→ What to work on:
Return the data below in full, matching every line exactly.
*** Raw data Section Begins ***
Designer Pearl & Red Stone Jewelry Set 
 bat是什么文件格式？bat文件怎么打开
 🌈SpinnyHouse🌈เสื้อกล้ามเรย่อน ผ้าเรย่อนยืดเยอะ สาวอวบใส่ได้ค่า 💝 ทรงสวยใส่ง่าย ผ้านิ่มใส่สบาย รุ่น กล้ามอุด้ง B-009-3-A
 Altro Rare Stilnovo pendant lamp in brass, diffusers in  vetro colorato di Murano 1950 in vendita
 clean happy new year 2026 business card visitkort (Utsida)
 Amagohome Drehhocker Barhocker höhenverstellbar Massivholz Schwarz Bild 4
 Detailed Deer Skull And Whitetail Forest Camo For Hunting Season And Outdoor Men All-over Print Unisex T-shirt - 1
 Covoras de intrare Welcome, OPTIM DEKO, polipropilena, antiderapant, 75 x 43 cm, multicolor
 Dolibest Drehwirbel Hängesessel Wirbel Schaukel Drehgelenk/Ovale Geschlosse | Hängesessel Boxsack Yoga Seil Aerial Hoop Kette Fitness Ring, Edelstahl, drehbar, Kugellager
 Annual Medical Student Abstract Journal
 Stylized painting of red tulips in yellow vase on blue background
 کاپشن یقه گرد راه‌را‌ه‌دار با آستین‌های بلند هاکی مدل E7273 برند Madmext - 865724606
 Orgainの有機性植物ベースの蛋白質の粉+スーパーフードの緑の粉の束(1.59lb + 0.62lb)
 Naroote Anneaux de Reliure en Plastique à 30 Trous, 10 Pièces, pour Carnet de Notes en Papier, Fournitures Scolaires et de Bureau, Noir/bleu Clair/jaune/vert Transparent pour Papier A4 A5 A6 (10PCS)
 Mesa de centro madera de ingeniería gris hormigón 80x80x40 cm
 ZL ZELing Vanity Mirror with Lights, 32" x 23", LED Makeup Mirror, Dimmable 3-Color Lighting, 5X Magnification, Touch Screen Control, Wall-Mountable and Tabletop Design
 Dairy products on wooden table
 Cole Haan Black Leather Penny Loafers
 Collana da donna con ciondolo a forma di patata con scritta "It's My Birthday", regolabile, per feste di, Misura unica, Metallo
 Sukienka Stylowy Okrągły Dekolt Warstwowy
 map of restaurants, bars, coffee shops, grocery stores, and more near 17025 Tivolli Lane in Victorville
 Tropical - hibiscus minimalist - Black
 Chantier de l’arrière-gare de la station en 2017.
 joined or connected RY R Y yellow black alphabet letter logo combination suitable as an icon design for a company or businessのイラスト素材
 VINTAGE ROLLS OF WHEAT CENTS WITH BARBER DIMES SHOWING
*** Raw data Section Ends ***
→ Your solution:
Designer Pearl & Red Stone Jewelry Set 
 bat是什么文件格式？bat文件怎么打开
 🌈SpinnyHouse🌈เสื้อกล้ามเรย่อน ผ้าเรย่อนยืดเยอะ สาวอวบใส่ได้ค่า 💝 ทรงสวยใส่ง่าย ผ้านิ่มใส่สบาย รุ่น กล้ามอุด้ง B-009-3-A
 Altro Rare Stilnovo pendant lamp in brass, diffusers in  vetro colorato di Murano 1950 in vendita
 clean happy new year 2026 business card visitkort (Utsida)
 Amagohome Drehhocker Barhocker höhenverstellbar Massivholz Schwarz Bild 4
 Detailed Deer Skull And Whitetail Forest Camo For Hunting Season And Outdoor Men All-over Print Unisex T-shirt - 1
 Covoras de intrare Welcome, OPTIM DEKO, polipropilena, antiderapant, 75 x 43 cm, multicolor
 Dolibest Drehwirbel Hängesessel Wirbel Schaukel Drehgelenk/Ovale Geschlosse | Hängesessel Boxsack Yoga Seil Aerial Hoop Kette Fitness Ring, Edelstahl, drehbar, Kugellager
 Annual Medical Student Abstract Journal
 Stylized painting of red tulips in yellow vase on blue background
 کاپشن یقه گرد راه‌را‌ه‌دار با آستین‌های بلند هاکی مدل E7273 برند Madmext - 865724606
 Orgainの有機性植物ベースの蛋白質の粉+スーパーフードの緑の粉の束(1.59lb + 0.62lb)
 Naroote Anneaux de Reliure en Plastique à 30 Trous, 10 Pièces, pour Carnet de Notes en Papier, Fournitures Scolaires et de Bureau, Noir/bleu Clair/jaune/vert Transparent pour Papier A4 A5 A6 (10PCS)
 Mesa de centro madera de ingeniería gris hormigón 80x80x40 cm
 ZL ZELing Vanity Mirror with Lights, 32" x 23", LED Makeup Mirror, Dimmable 3-Color Lighting, 5X Magnification, Touch Screen Control, Wall-Mountable and Tabletop Design
 Dairy products on wooden table
 Cole Haan Black Leather Penny Loafers
 Collana da donna con ciondolo a forma di patata con scritta "It's My Birthday", regolabile, per feste di, Misura unica, Metallo
 Sukienka Stylowy Okrągły Dekolt Warstwowy
 map of restaurants, bars, coffee shops, grocery stores, and more near 17025 Tivolli Lane in Victorville
 Tropical - hibiscus minimalist - Black
 Chantier de l’arrière-gare de la station en 2017.
 joined or connected RY R Y yellow black alphabet letter logo combination suitable as an icon design for a company or businessのイラスト素材
 VINTAGE ROLLS OF WHEAT CENTS WITH BARBER DIMES SHOWING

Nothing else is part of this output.